Extract, exactly as written, the line that contains "frame of colorful buttonsの写真素材" and all lines after it through the end of the records. Omit pictures.

- - -

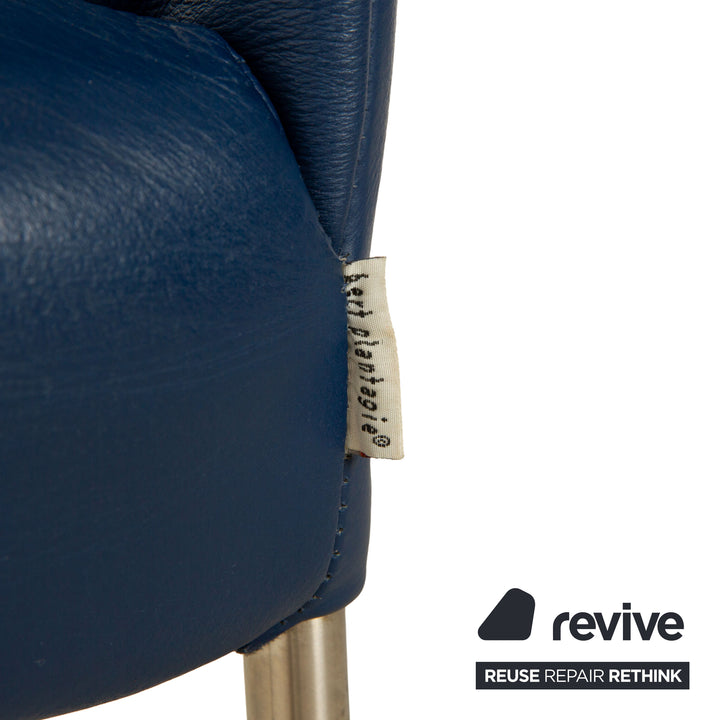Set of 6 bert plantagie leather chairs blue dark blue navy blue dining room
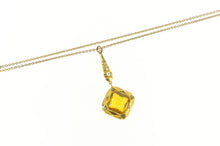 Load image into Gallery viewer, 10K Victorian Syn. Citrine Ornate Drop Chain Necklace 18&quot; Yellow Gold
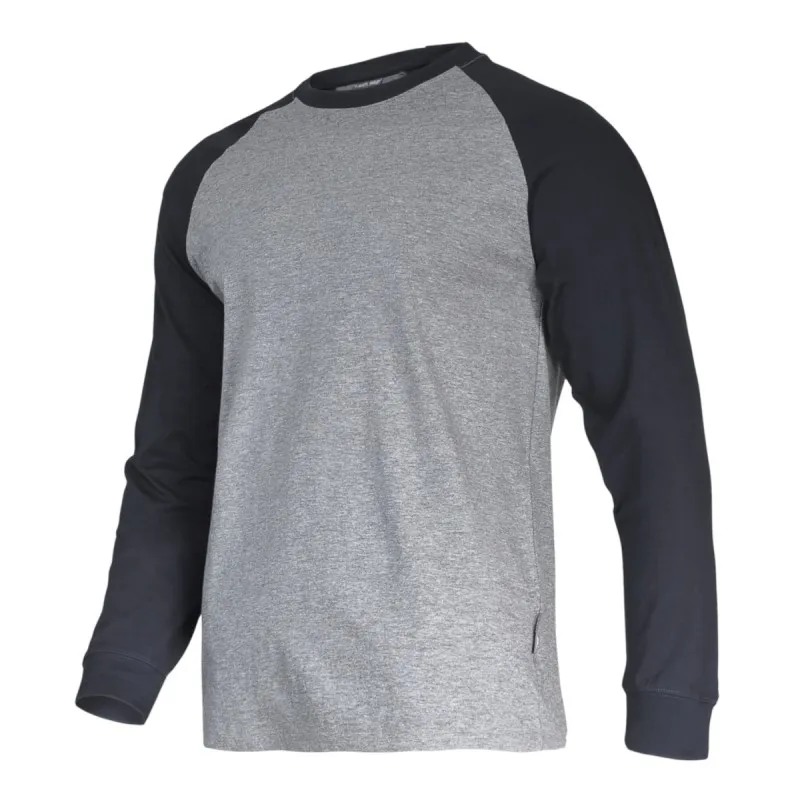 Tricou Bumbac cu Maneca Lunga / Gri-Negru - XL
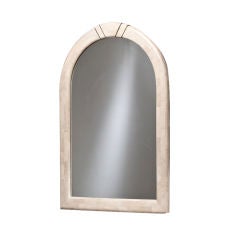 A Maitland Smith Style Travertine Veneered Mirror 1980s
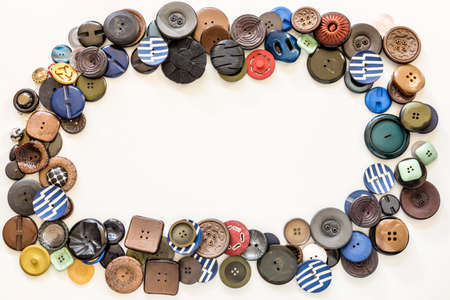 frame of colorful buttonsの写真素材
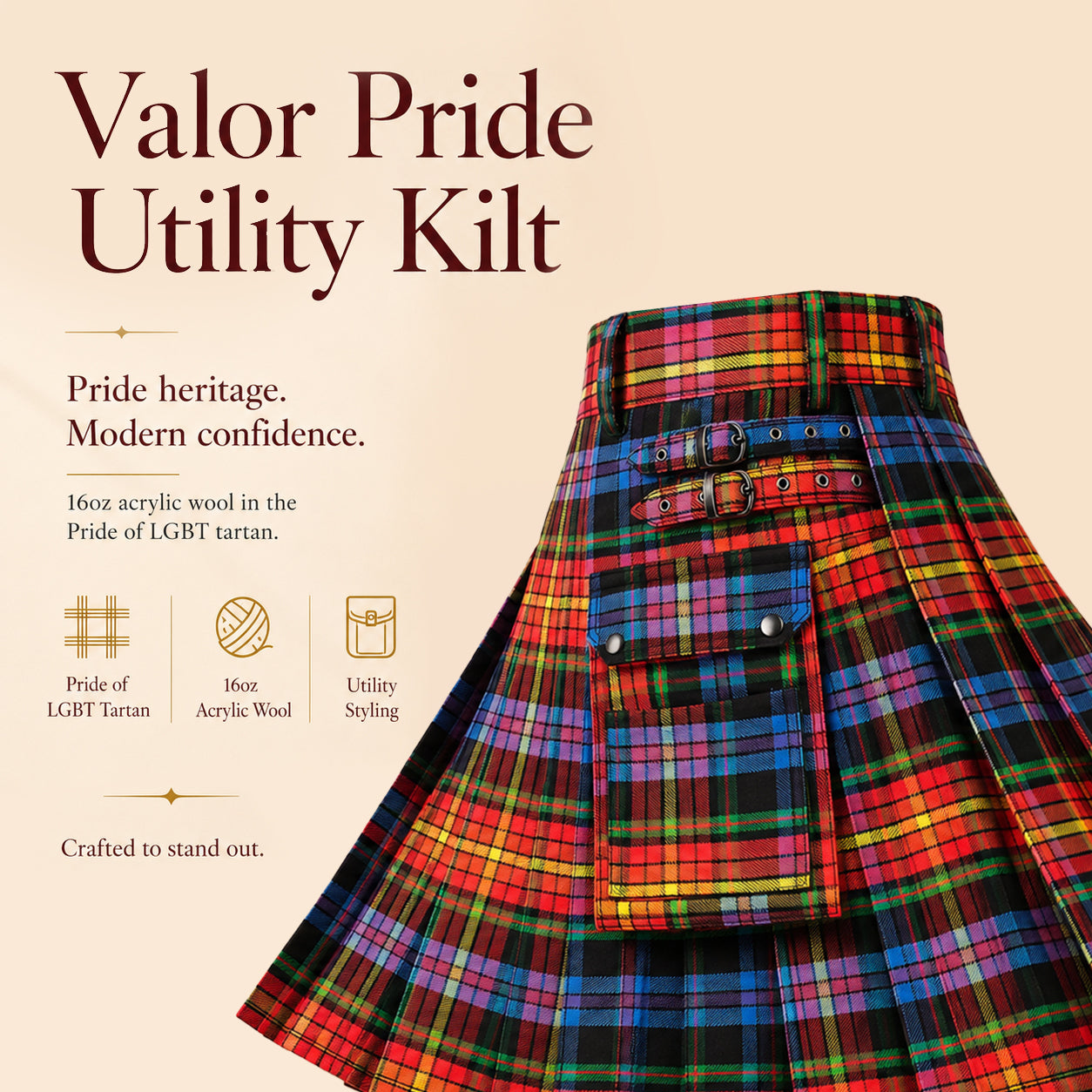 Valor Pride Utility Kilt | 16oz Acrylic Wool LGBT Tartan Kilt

- - -

_Output of the task_:
 frame of colorful buttonsの写真素材
 Valor Pride Utility Kilt | 16oz Acrylic Wool LGBT Tartan Kilt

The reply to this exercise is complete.